Erroneous finding of fact

[30] The other ground of appeal advanced by the Claimant is that the General Division erred by basing its decision on an erroneous finding of fact. However, the Claimant has not said which finding or findings were erroneous, or how the General Division mistook or ignored key evidence to reach its findings, or how any finding was otherwise unsupported by the evidence.

[31] The General Division did not ignore the Claimant’s evidence. It acknowledged that the Claimant was incarcerated from October 17, 2018, to December 17, 2018, as a result of charges brought against him on June 23, 2018, and it understood that these charges were later dismissed on January 3, 2019.

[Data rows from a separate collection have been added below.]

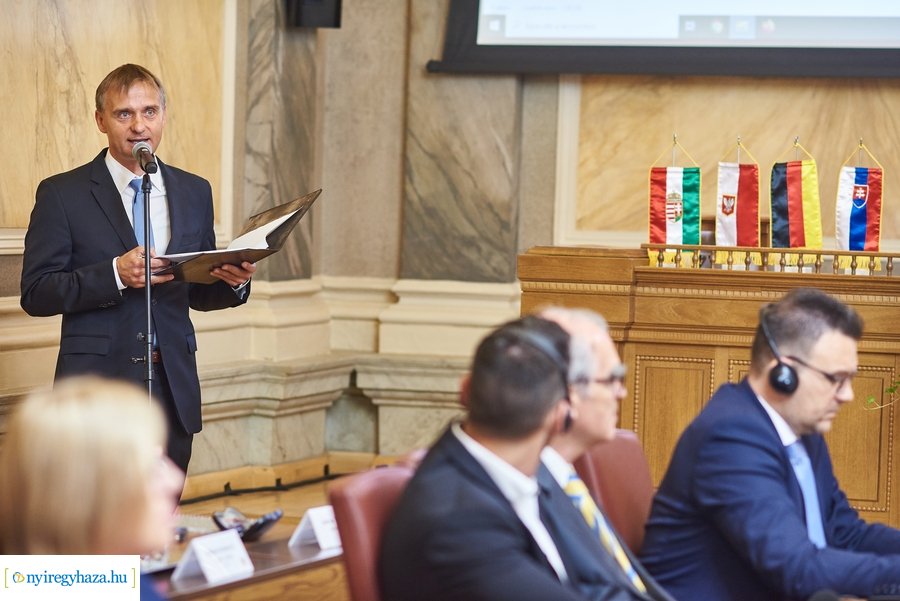 Testvérvárosi találkozó a Városházán 2021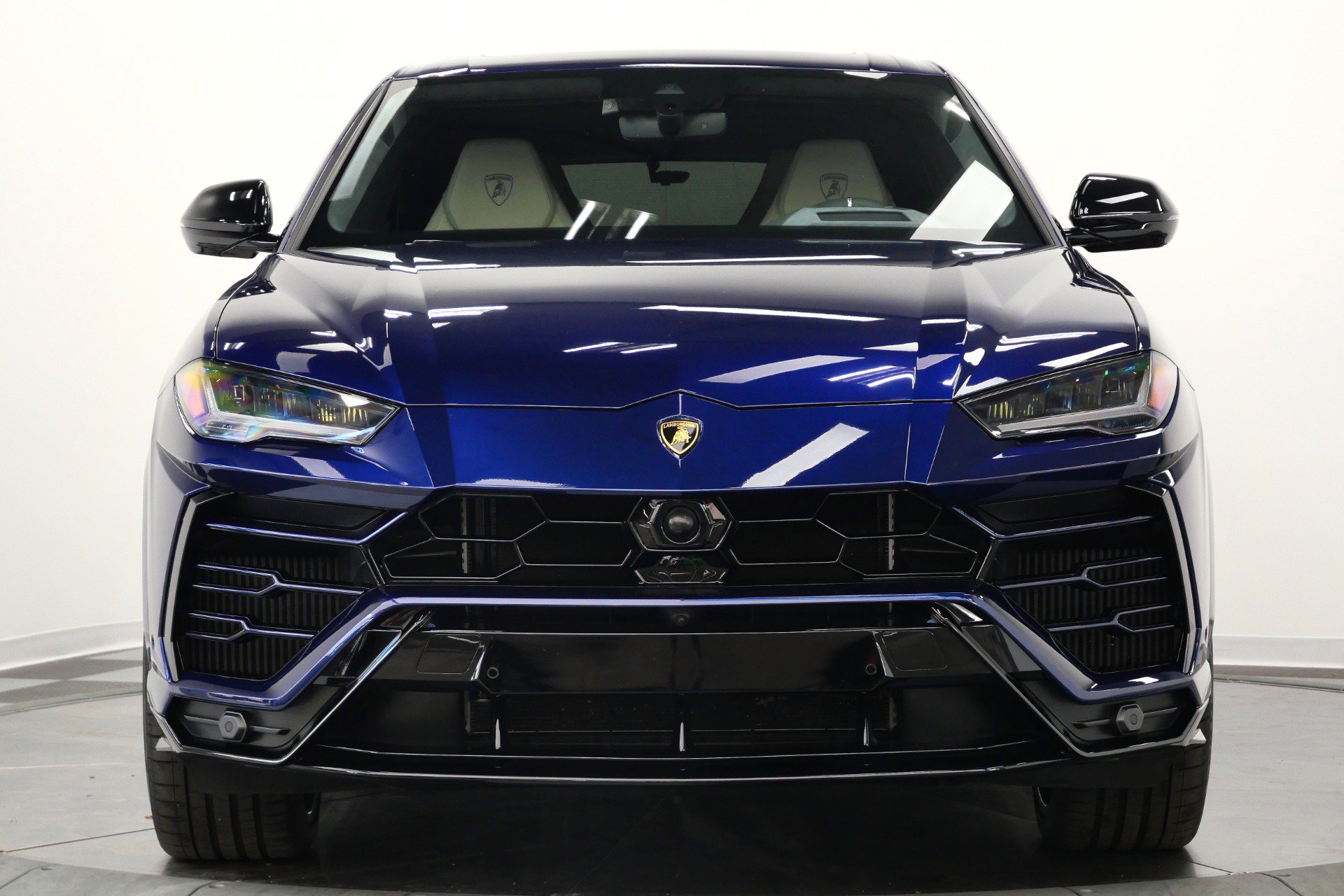 Used 2022 Lamborghini Urus AWD/4WD image 4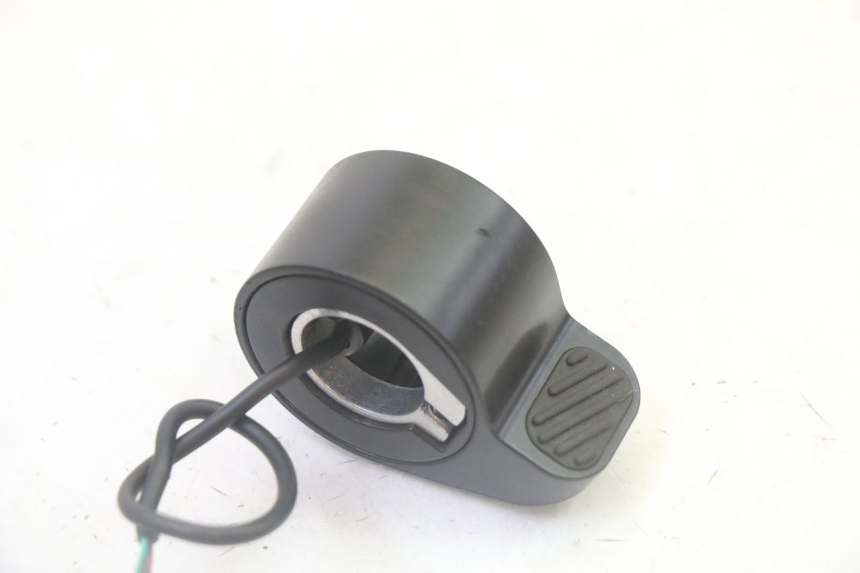 photo de THROTTLE GRIP SEGWAY NINEBOT F65I 1 - Component detail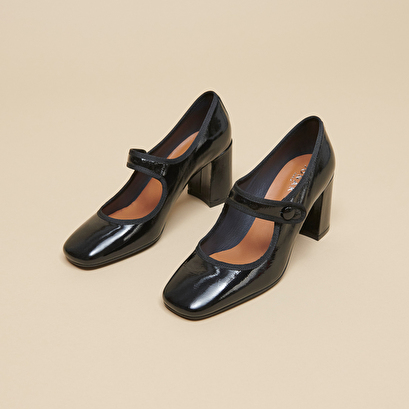 Heeled babies with big buckle straps in black pleated patent leather | drancy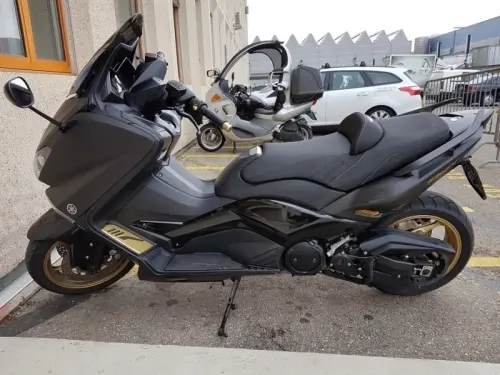 Yamaha Tmax couleur noir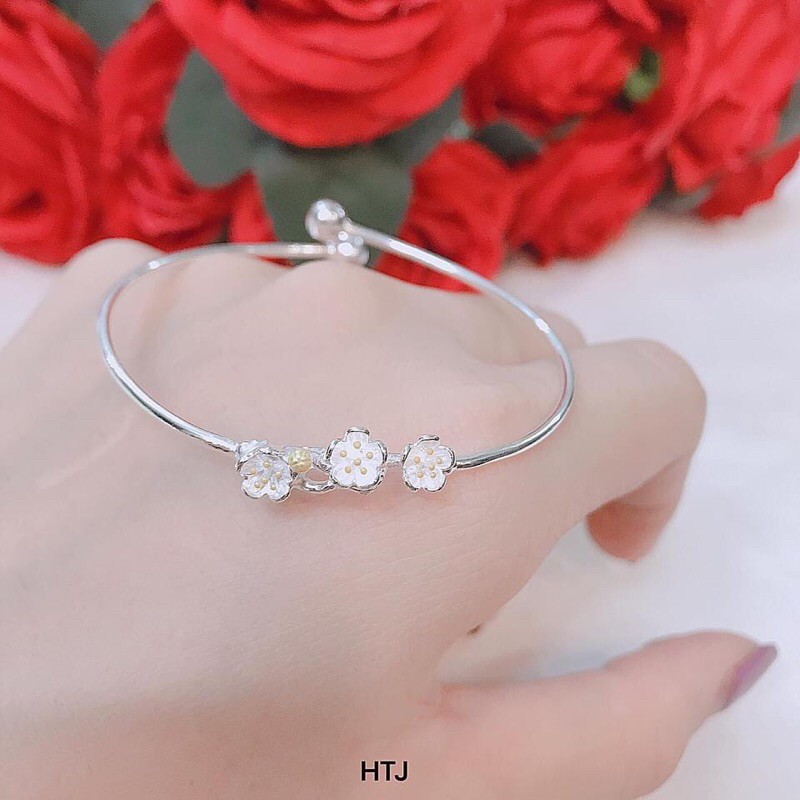 VÒNG TAY CỨNG CHÙM HOA ĐÀO CỰC XINH BẠC TA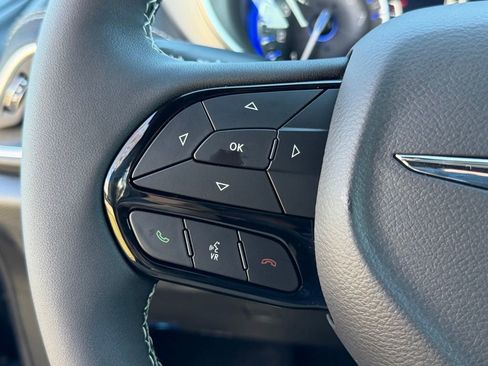 New 2026 Chrysler Pacifica Limited image 18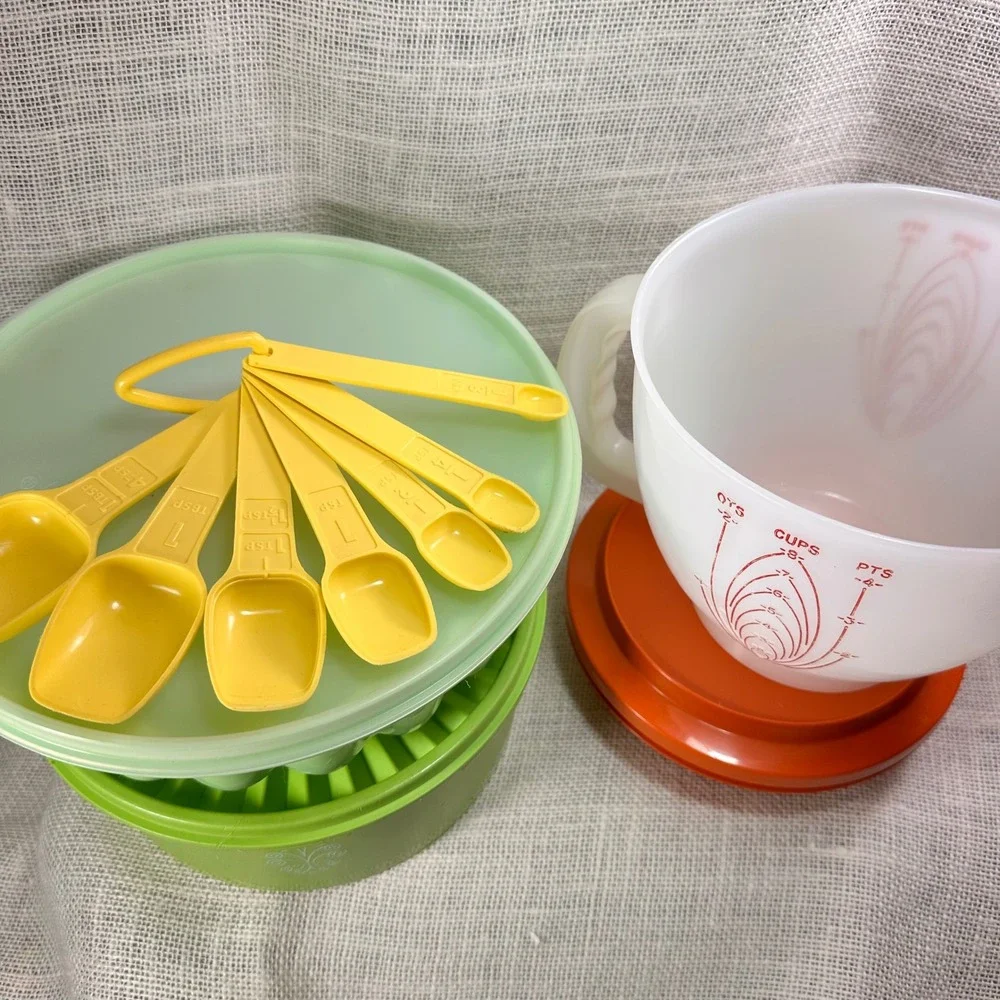 Tupperware vintage kitchen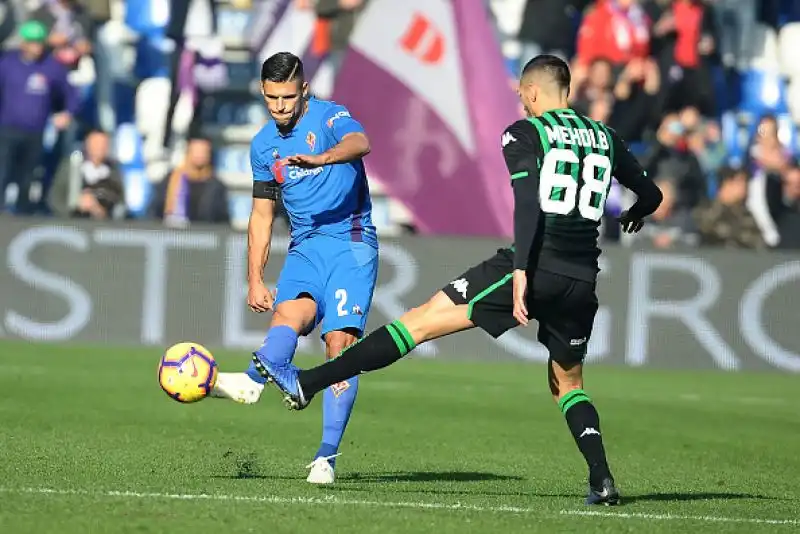 La Fiorentina, acciuffa il pari, dopo l'espulsione di Djuricic, con due gol nel recupero di Benassi e Mirallas.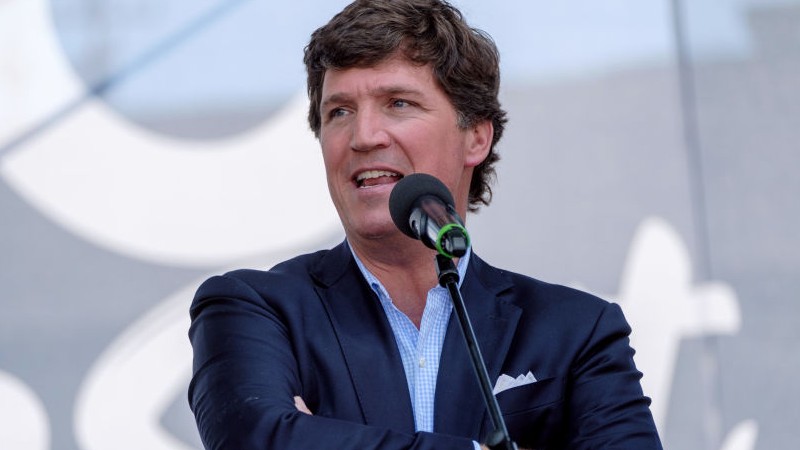Harvard Law Professor Says Tucker Carlson Guilty of “Treason” For Criticizing Biden Over Russia
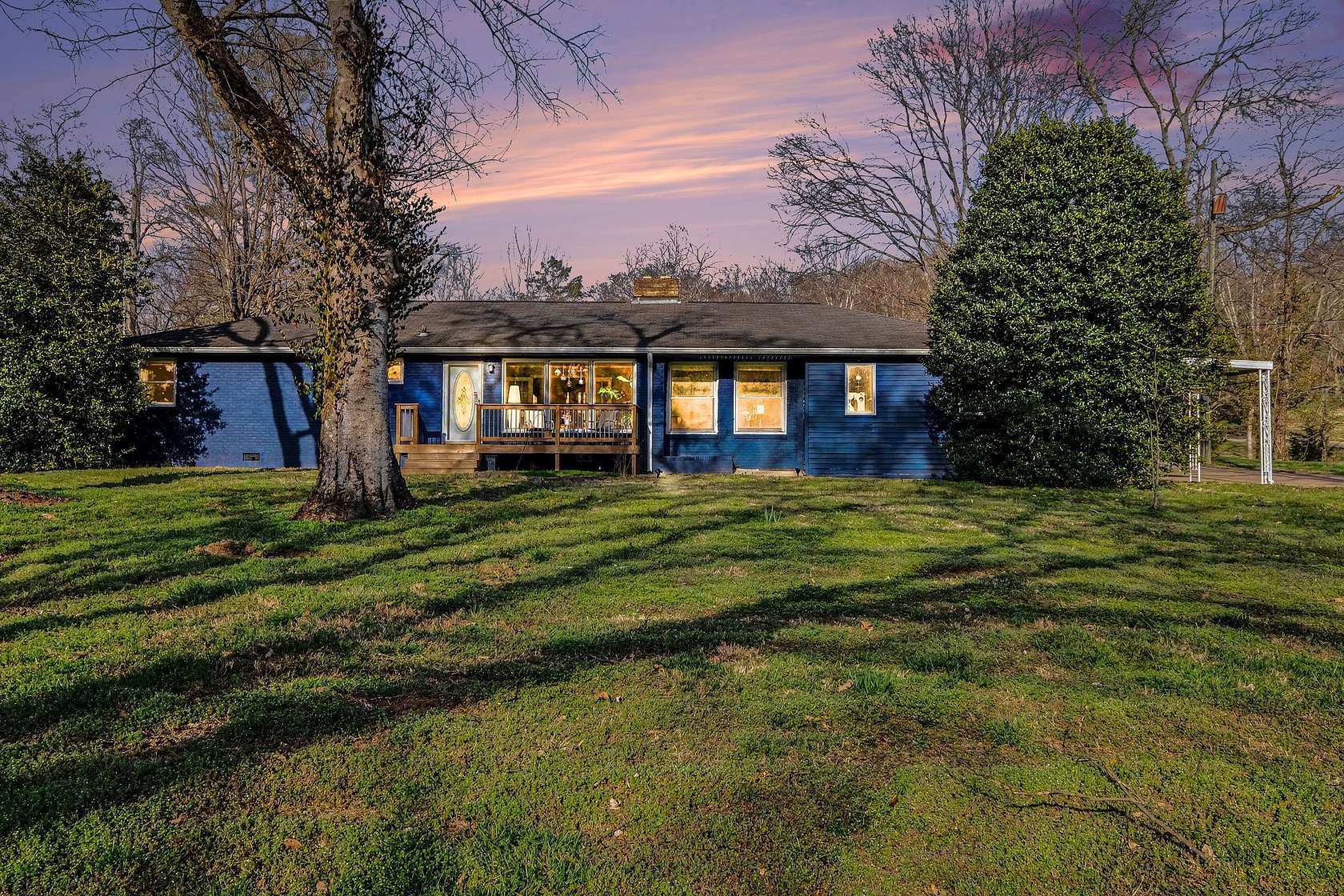 1.75 Acres of Land with Home for Sale in Nashville, Tennessee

[32] However, the General Division did not base its decision on those charges or the Claimant’s incarceration. Rather, the General Division found that the Claimant lost his employment because his driver’s licence had been suspended due to his arrest on September 17, 2018, for a charge of driving under the influence of alcohol (and that he required his licence for his work), and because he did not report for work on September 20, 2018.

[33] The Claimant did not argue that the General Division was mistaken as to these additional facts. Even so, the Federal Court has directed the Appeal Division that it should look beyond the stated grounds of appeal.Footnote 7 In accordance with that direction, I have reviewed the record for any other significant evidence that might have been overlooked or misunderstood and that may therefore, raise an arguable case. I could not identify any significant or relevant evidence that the General Division may have overlooked or misunderstood in reaching its findings.

[34] There is no arguable case that the General Division based its decision on any erroneous finding of fact that it made in a perverse or capricious manner or without regard for the material before it—as would be required to find grounds for appeal under section 58(1)(c) of the DESD Act.

[35] The Claimant has no reasonable chance of success on appeal. This factor weighs against allowing the extension of time.

[36] Three of the four Gattellaro factors weigh against allowing the extension of time, and the Claimant’s inability to make out an arguable case is among them. In my view, it would not be in the interests of justice to allow the extension of time.

Conclusion

[37] An extension of time to apply for leave to appeal is refused.